„Dann muas amoi’d Politik und Justiz ran. Des is koa Aufgab fiad Zivilgesellschaft, wenn die sie aloa glassn fuid. Der Bäckermeister ko scho a auf der Straß mit am Nudelholz umgehn, so is ned, aber er hod ned Nahkampf geübt und sich auf an Tag X vorbereitet, wie diese Ex- Soldaten, die schon Munition, Leichensäck und Löschkalk gehortet haben, diese Nordkreuz Heinis. Wenn des ned a Aufgab fiad Polizei is, ja was denn dann? Bei de Linkn und Hooligans kennans doch a!“
„Stimmt. Wenn Todeslisten angelegt werden, ist es höchste Eisenbahn mal andere Saiten aufzuziehen“, sagte ich. „Wenn diese ganzen Prepper jetzt wenigstens im großen Stil Masken und Desinfektionsmittel bereitstellen würden, dann könnte ich ihnen glatt verzeihen.“
„Schee wär’s.“ Lukas lachte. „Mei, woast du an wen i die ganze Zeit denken muaß, seit von Tröpfcheninfektionen die Rede ist?
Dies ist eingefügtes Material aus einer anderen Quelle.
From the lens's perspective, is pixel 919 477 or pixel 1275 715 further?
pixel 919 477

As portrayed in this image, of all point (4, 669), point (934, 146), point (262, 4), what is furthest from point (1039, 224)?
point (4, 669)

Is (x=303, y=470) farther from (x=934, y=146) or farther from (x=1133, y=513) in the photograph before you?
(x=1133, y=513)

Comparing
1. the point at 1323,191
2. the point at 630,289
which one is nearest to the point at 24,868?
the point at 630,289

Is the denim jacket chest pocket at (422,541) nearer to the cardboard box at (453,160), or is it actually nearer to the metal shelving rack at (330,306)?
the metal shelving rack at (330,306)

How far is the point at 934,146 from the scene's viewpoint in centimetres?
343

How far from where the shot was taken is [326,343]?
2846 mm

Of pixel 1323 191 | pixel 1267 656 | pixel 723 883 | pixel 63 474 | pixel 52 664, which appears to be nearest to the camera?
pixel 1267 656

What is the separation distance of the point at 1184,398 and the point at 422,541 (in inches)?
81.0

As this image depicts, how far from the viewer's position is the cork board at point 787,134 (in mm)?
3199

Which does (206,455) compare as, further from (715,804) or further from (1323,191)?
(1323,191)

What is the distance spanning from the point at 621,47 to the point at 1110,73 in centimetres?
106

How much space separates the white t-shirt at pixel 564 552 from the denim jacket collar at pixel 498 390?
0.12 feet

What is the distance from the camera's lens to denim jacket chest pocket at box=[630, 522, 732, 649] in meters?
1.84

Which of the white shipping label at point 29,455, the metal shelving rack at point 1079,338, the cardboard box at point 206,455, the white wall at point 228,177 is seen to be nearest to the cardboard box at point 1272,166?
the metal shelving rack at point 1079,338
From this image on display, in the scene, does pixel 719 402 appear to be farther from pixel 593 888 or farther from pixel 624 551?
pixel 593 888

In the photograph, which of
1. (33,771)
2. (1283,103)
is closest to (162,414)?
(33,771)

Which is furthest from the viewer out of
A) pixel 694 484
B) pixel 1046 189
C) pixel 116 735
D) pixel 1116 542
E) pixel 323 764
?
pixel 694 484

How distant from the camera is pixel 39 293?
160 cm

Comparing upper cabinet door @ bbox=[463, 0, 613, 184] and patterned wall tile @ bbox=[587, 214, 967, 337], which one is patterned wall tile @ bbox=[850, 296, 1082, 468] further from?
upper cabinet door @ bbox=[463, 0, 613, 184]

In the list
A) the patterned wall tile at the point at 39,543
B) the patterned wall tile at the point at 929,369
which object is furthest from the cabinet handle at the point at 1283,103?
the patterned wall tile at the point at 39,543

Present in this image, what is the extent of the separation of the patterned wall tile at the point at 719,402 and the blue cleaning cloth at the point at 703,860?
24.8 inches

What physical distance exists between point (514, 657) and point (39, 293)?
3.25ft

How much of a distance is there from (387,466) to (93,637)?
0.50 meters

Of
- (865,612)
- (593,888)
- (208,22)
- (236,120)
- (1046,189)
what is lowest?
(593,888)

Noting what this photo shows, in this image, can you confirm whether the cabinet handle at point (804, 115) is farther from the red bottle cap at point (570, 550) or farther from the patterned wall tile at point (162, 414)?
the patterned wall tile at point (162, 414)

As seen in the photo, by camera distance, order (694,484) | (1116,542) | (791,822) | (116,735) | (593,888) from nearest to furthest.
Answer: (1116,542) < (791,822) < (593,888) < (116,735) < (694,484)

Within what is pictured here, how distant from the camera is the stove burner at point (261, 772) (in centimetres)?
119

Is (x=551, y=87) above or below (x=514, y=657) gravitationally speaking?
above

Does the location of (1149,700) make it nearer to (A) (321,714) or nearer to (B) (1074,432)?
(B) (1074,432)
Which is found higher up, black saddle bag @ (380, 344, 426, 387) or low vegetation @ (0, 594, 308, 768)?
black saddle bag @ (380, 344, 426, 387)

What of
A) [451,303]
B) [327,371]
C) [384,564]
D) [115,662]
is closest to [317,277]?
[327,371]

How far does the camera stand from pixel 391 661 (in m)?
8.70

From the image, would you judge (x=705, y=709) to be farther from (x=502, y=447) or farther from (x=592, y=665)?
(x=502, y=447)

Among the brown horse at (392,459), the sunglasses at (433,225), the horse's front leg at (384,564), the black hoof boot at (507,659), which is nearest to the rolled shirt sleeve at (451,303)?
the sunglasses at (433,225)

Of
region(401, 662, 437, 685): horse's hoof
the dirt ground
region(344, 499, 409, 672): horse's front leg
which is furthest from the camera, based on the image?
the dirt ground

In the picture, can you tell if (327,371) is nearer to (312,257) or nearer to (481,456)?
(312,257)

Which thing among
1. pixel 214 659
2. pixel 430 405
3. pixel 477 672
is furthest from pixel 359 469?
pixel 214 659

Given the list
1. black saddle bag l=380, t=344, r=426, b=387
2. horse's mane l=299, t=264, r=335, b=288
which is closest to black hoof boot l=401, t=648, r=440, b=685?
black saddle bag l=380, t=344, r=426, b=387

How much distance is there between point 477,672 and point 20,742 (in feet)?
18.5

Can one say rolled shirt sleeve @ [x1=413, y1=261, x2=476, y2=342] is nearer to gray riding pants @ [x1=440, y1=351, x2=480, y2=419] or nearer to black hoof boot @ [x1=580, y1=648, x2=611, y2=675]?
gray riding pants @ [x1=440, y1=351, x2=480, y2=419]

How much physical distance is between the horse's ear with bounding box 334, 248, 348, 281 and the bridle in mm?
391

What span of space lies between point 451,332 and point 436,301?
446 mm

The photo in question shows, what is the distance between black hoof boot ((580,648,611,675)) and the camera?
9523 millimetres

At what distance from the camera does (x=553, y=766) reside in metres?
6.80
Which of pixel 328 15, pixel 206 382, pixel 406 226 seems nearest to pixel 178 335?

An den Hemmsacher.“
„Oh mein Gott!“, rief ich. „Den hab ich komplett vergessen!“
„Oder verdrängt wie i. Stell dir vor, wir hätten eam a no in Latein ghabt. I versuch mi grad zu erinnern, mit welchen Strategien wir uns gschützt ham. Des kunt ma jetztad bestimmt brauchen.“
„Freiwillig für’s Tafelwischen melden“, sagte ich. „Da stand man wenigstens hinter ihm, wenn er redete.“
„Des is jetzad ned grad alltagstauglich“, meinte Lukas enttäuscht. „Apropos, jetzt steht grad wer hinter mir. I muaß dann amoi weida machn. Woa schee mit dir zum Ratschn.“
„Ganz meinerseits“, sagte ich und meinte es auch so. Ich war so erleichtert, dass Lukas wieder mit mir spricht, dass ich vor Freude hätte heulen können. Die erste gute Nachricht seit … einem Monat? Stattdessen kam es mir so vor, als sei ich in der Zwischenzeit in meiner Rakete um Jahre gealtert.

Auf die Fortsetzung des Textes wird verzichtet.